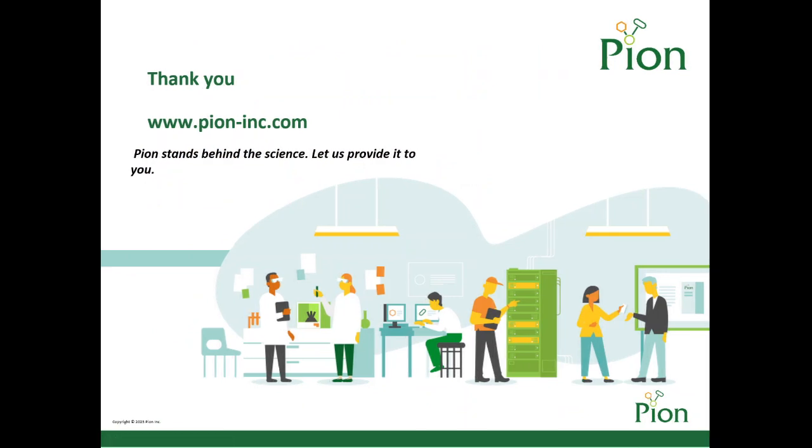Please visit us at pion-inc.com to learn more about PAMPA and to further explore our other unique instruments and services that help scientists make more informed decisions about food and drug formulation from R&D to manufacturing. Pion stands behind the science — let us prove it to you.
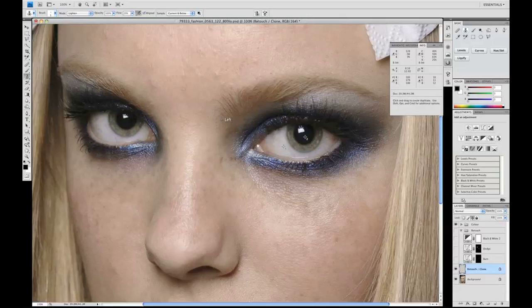What you'll see is that all that's happening is we're just taking out the pixels that are darker. By having this set to Lighten mode, we're only affecting the pixels which are darker than the source selected, so we're lightening these pixels to match the surrounding area.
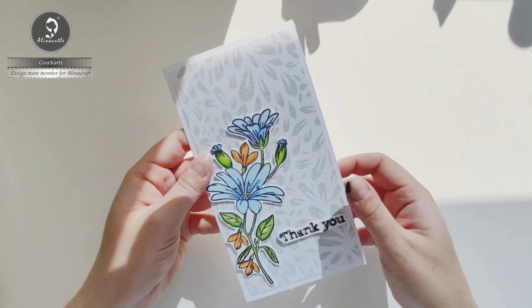Hello crafty people, today I'm going to show you how you can make this card.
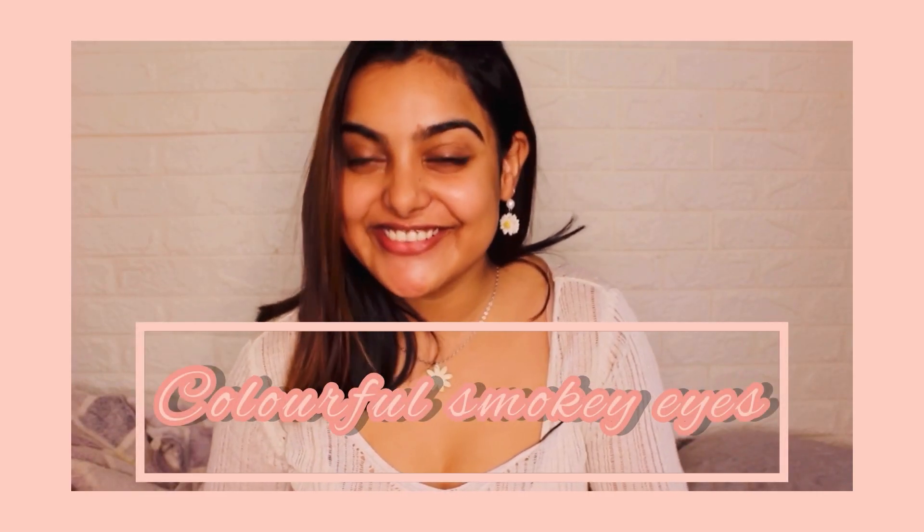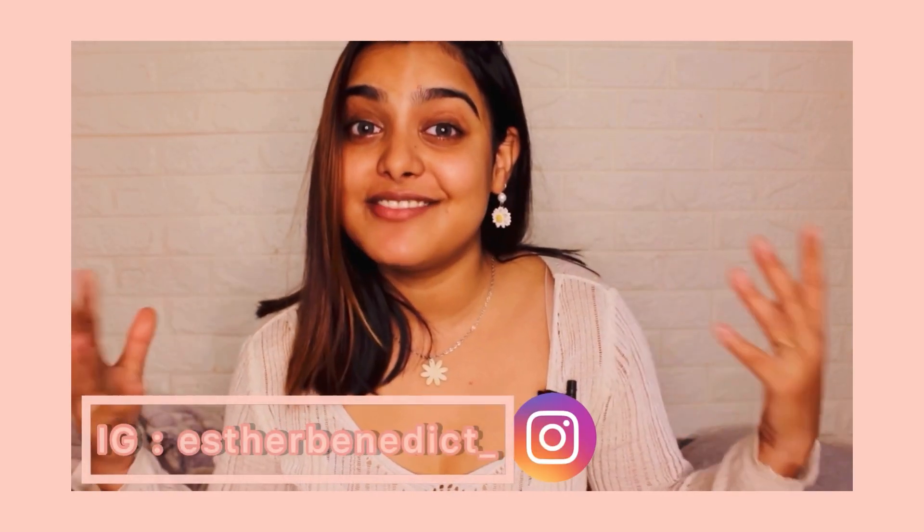Hi guys! Hello and welcome to my channel. This is Esther. I make beauty, fashion and lifestyle content. If that is something that interests you, please do subscribe. It means a lot.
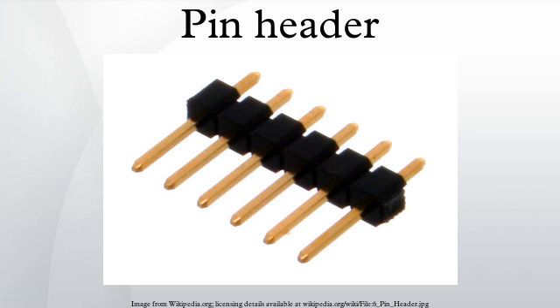Some systems polarize or key the pin header connection with something that fills and blocks one of the holes in the socket. One pin of the wrong pin header hits that obstruction and prevents an incorrect connection. The correct pin header has one or more pins removed or clipped to indicate a key for correct orientation.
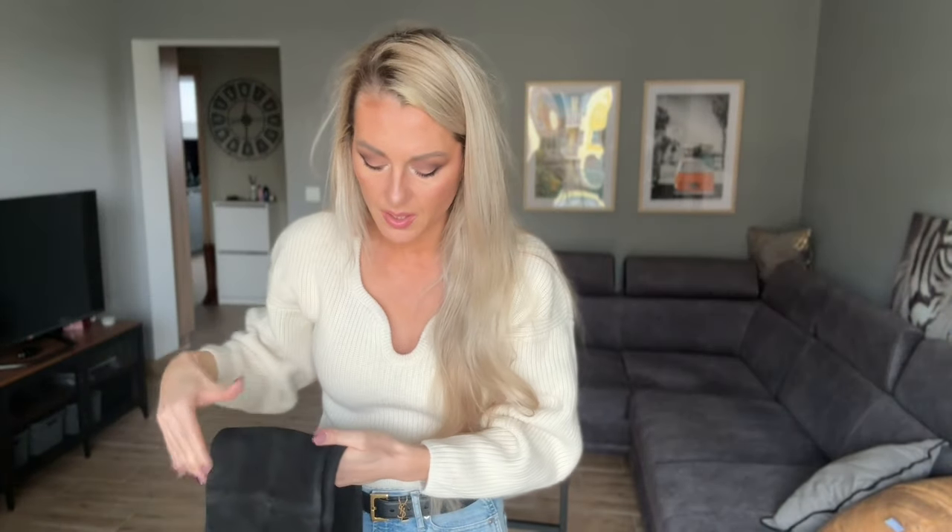So this is it — just a quick video to show you what I've got from Stuart Weitzman because I really love them, and I will be trying to find more colors. For now, thank you so much for watching. Please subscribe to my channel and let me know in the comments what you think about the Stuart Weitzman Highland boots. I've seen so many celebrities wearing them.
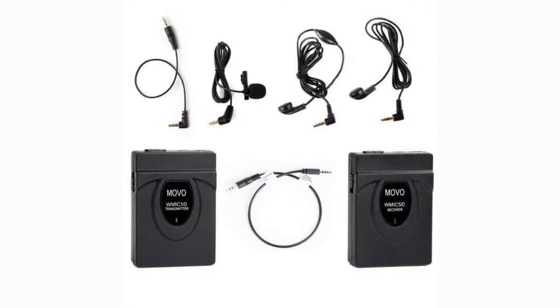Here I have the Movo WMIC 50. It's a wireless lapel microphone. In the U.S. it goes for $109.95 and in the U.K. it goes for $69.95, which is quite a bit of a difference in price. This is pretty much your low-end, cheap wireless lapel mic system.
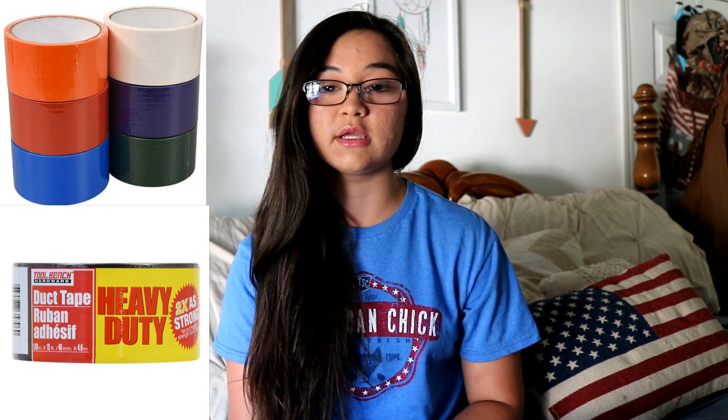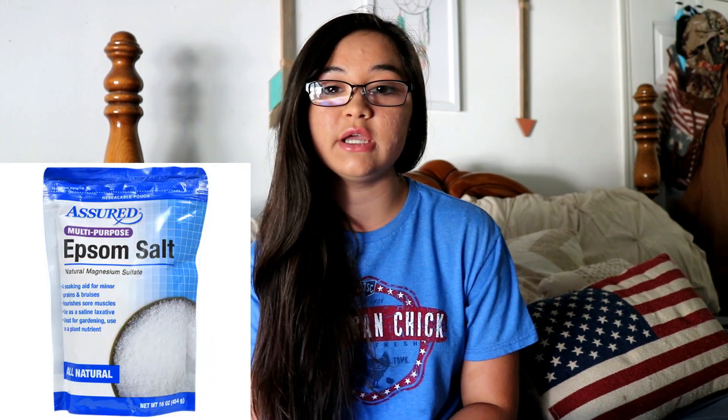The next thing is duct tape. You can use cute duct tape to decorate your containers, and I use duct tape for a lot of things in the barn to fix stuff — it's something I use a lot around the barn.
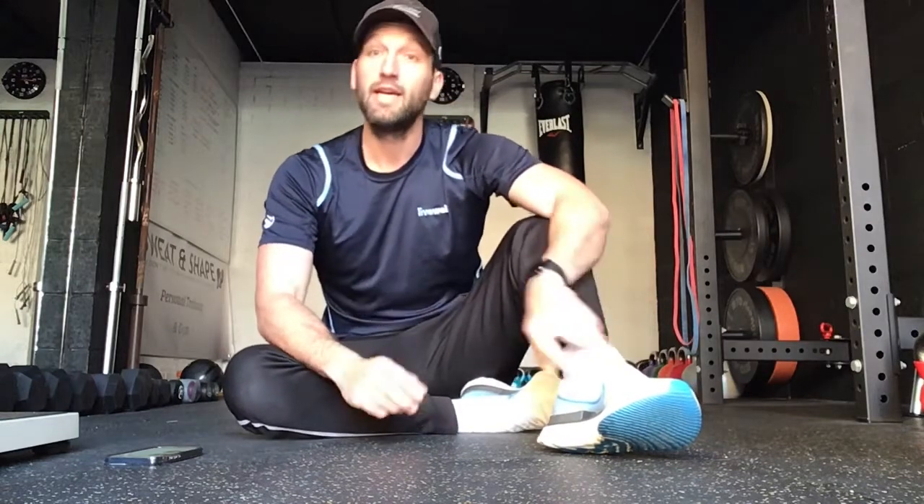Okay, so that's three rounds completed of all six exercises — you've done a total of 18 minutes there on your tummy and your core. Let us know how you got on and we'll see you again next time. Thanks guys, bye.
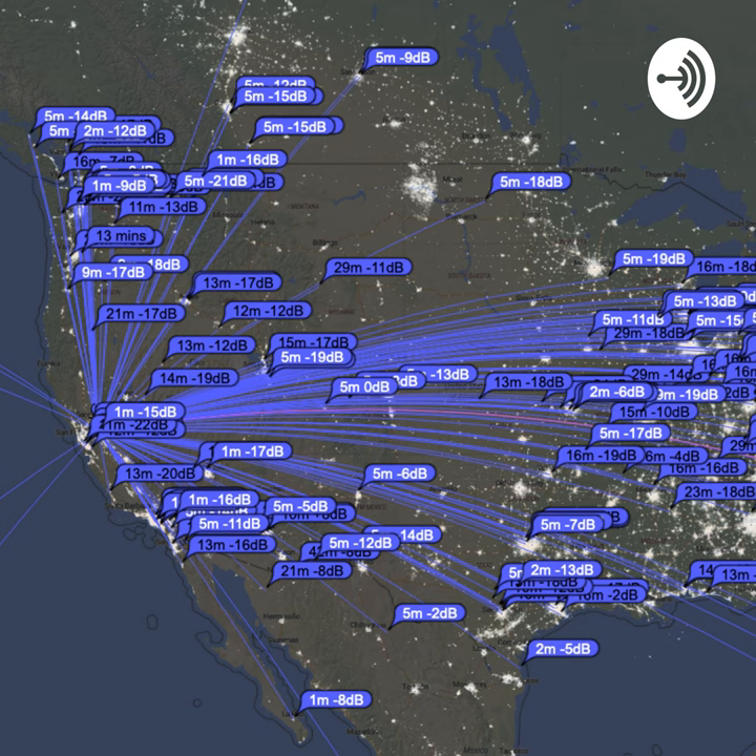The DX1200 is a Yaesu 100-watt rig that doesn't get as much use as it used to. I've gotten used to the 991 because that's what we take to field day — it's my primary rig. The 1200 would probably be the first to go if I build a nice LDMOS amplifier, which would fund that project. The 991 is an all-mode transceiver that does digital as well — just plug it in and off you go.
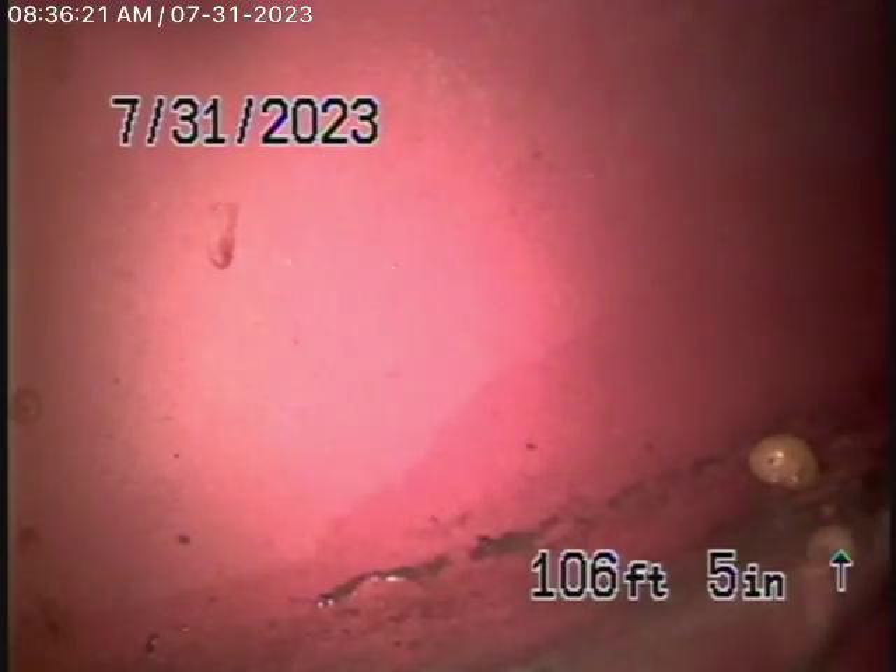We're here at 5239 Los Hermosos Way in Los Angeles, 90027. We're here to check the main sewer line. We obviously cannot check every pipe in the house. You'll have your general inspector run the water throughout the house to make sure everything's draining. The house is on a concrete slab, and this inspection is based on my opinion.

- TASK INSTRUCTIONS: Please quote the lines of the material, beginning with the first and ending with the one that contains "Hi guys! Hello", exactly as written and without any pictures.

- PROBLEM SOLUTION:
Please visit us at pion-inc.com to learn more about PAMPA and to further explore our other unique instruments and services that help scientists make more informed decisions about food and drug formulation from R&D to manufacturing. Pion stands behind the science — let us prove it to you.
What you'll see is that all that's happening is we're just taking out the pixels that are darker. By having this set to Lighten mode, we're only affecting the pixels which are darker than the source selected, so we're lightening these pixels to match the surrounding area.
Hello crafty people, today I'm going to show you how you can make this card.
Hi guys! Hello and welcome to my channel. This is Esther. I make beauty, fashion and lifestyle content. If that is something that interests you, please do subscribe. It means a lot.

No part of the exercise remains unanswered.